Ejerció la abogacía de forma destacada pero su intervención, en un caso de corrupción, le creó un doloroso problema de conciencia. La consecuencia directa fue el abandono del ejercicio de la profesión y su dedicación a la vida religiosa

Estos tres santos comparten, además del punto común de su ejercicio de la abogacía, el hecho de que uno de los factores que les apartó del mundo jurídico fue el choque con sus convicciones religiosas.

En el caso de San Agustín fue cuando tuvo plena conciencia de que, con la retórica, se podía retorcer la verdad y conseguir que triunfara la injusticia

En el de Santo Tomás Moro ocurrió cuando afrontó el problema del choque entre la ley humana y la ley divina .

En el de San Alfonso María de Ligorio tuvo lugar cuando no quiso implicarse más en casos de corrupción, en los que se vio envuelto a su pesar.

TRES CASOS PARA REFLEXIONAR

La verdad es que, a veces, para un abogado es difícil asumir defensas penales de conductas altamente reprochables. Pero todo el mundo tiene derecho a la defensa .Y defender no es aplaudir ni aprobar éticamente lo que el cliente ha hecho. Con ello no se legalizan conductas morales o contrarias a la ética.

De otro lado, en ámbitos distintos al penal, también pueden producirse choques con la conciencia.

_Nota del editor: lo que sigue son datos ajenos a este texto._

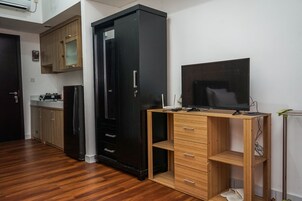 Una cocina compacta con armarios de madera, un refrigerador negro y un escritorio de madera con televisor de pantalla plana.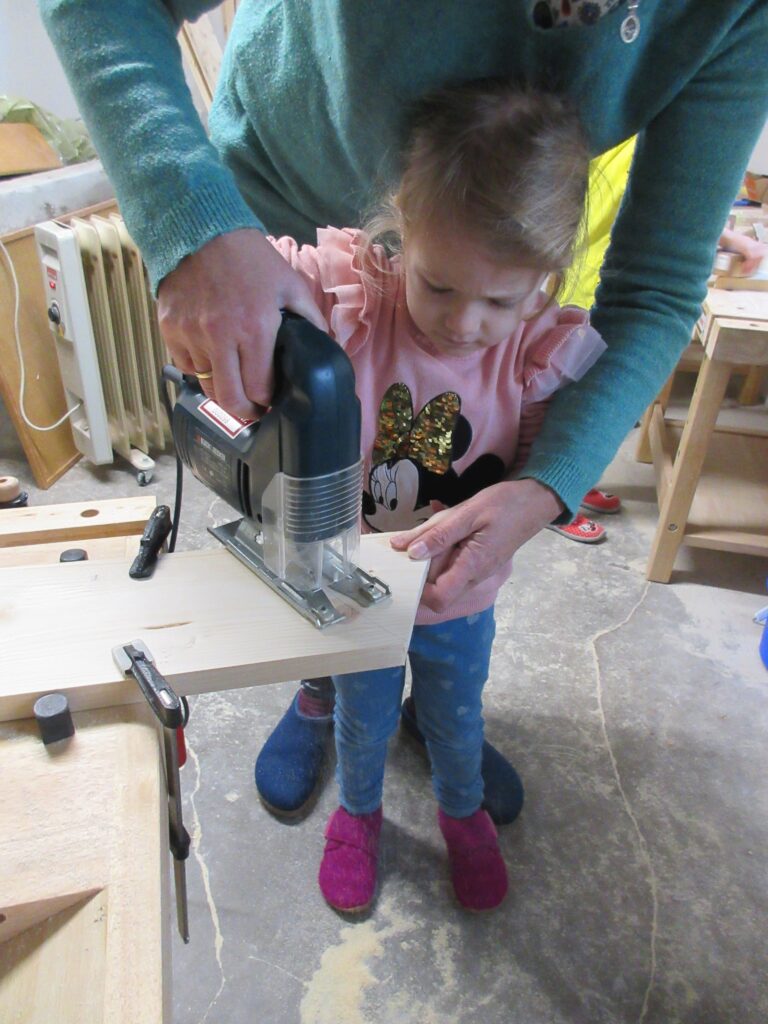 Mutter und Tochter arbeiten gemeinsam an einer Holzmaschine.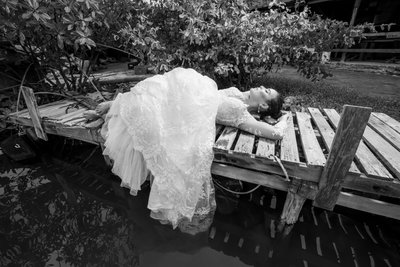Bride's black and white portrait on a dock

Por ejemplo, en la defensa de intereses económicos o mercantiles, con cláusulas abusivas impuestas por empresas poderosas o cuando el cliente busca eludir justos deberes fiscales o blanquear capitales.

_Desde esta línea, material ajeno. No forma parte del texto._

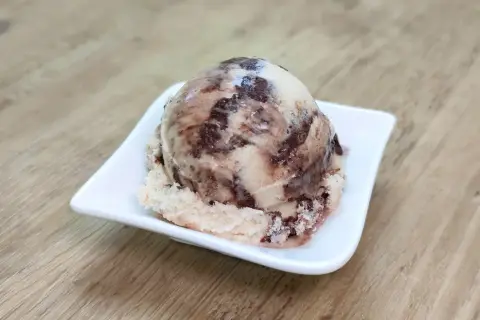 Ein Löffel cremiges Kinderriegel Eis mit Schokoladenstückchen auf einer weißen Schale.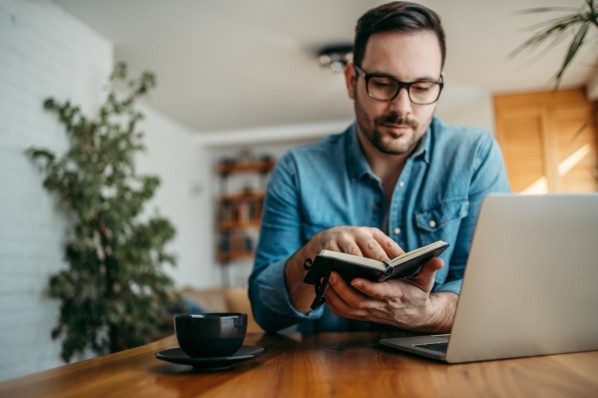 Mann Mitte 30 sitzt im Homeoffice vorm Laptop und hält einen grünen Apfel in der Hand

Cada abogado debe encontrar su camino, superar las contradicciones y los conflictos profesionales, éticos y morales que, tarde o temprano, emergerán en el ejercicio de la profesión. Y encontrar su camino personal, según cada caso, como hicieron San Agustín, Santo Tomás Moro y San Alfonso María de Ligorio; tres grandes abogados reconocidos por la historia.

No hay fórmula ni solución mágica en esta búsqueda. Como decía Antonio Machado, “Caminante no hay camino, se hace camino al andar”.